(INPUT RECORDS):
◇ ◇ ◇ ◇
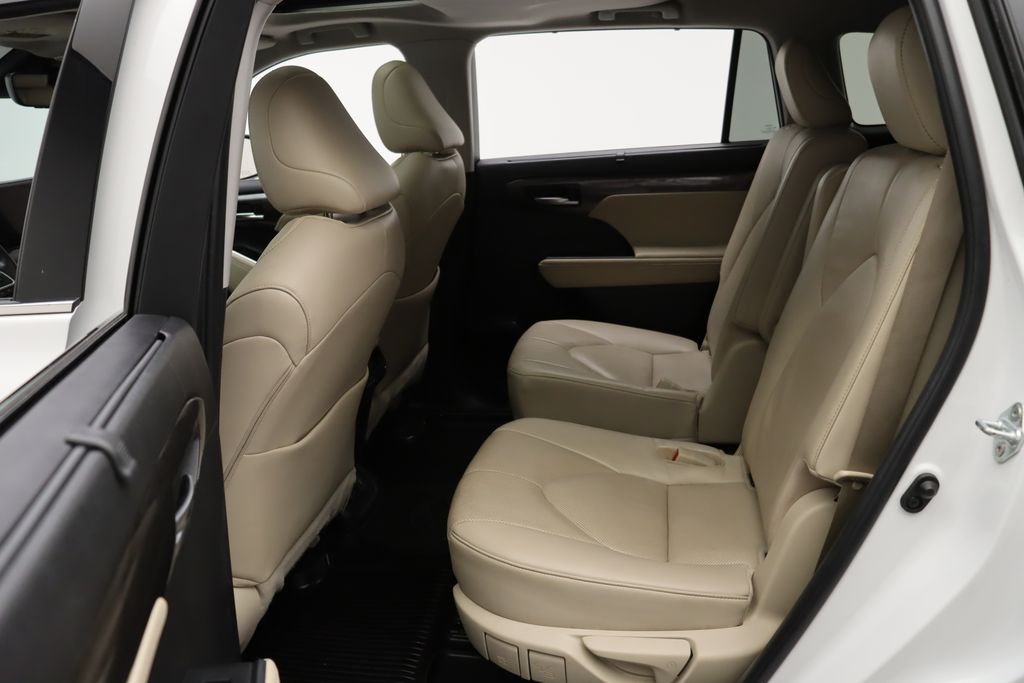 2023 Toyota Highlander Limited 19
◇ ◇ ◇ ◇
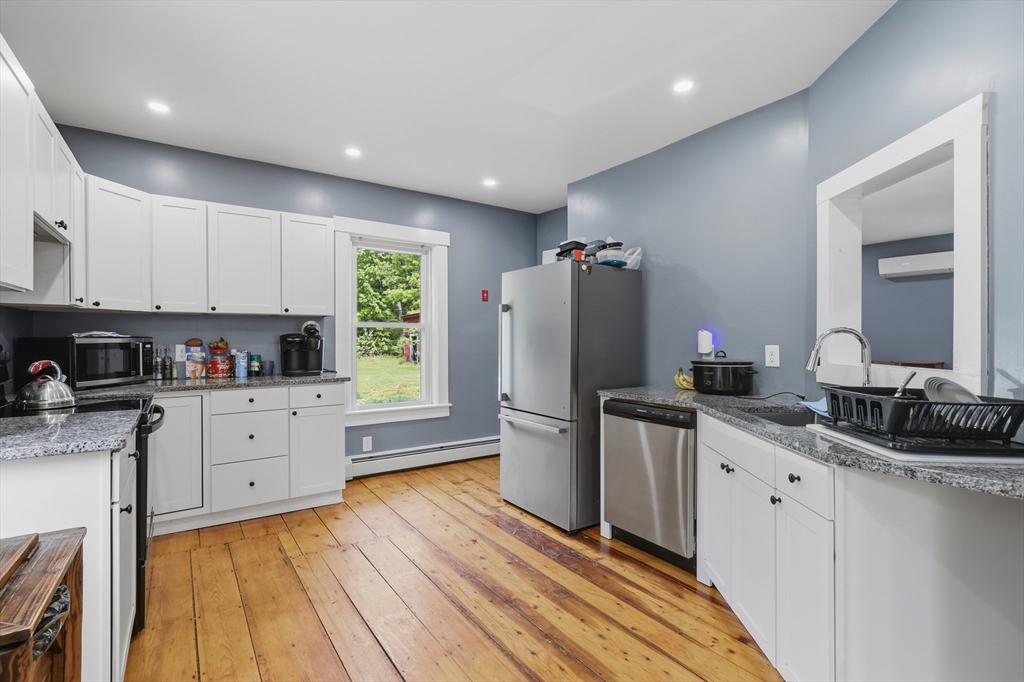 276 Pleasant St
◇ ◇ ◇ ◇
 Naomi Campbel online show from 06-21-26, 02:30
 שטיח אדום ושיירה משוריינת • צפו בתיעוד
◇ ◇ ◇ ◇
(TASK ITEM): Set down, exactly as they stand above, the lines starting with the line with "Naomi Campbel online" and going on through the line with "שטיח אדום ושיירה משוריינת • צפו בתיעוד", and no others.

(ANSWER BELOW):
 Naomi Campbel online show from 06-21-26, 02:30
 שטיח אדום ושיירה משוריינת • צפו בתיעוד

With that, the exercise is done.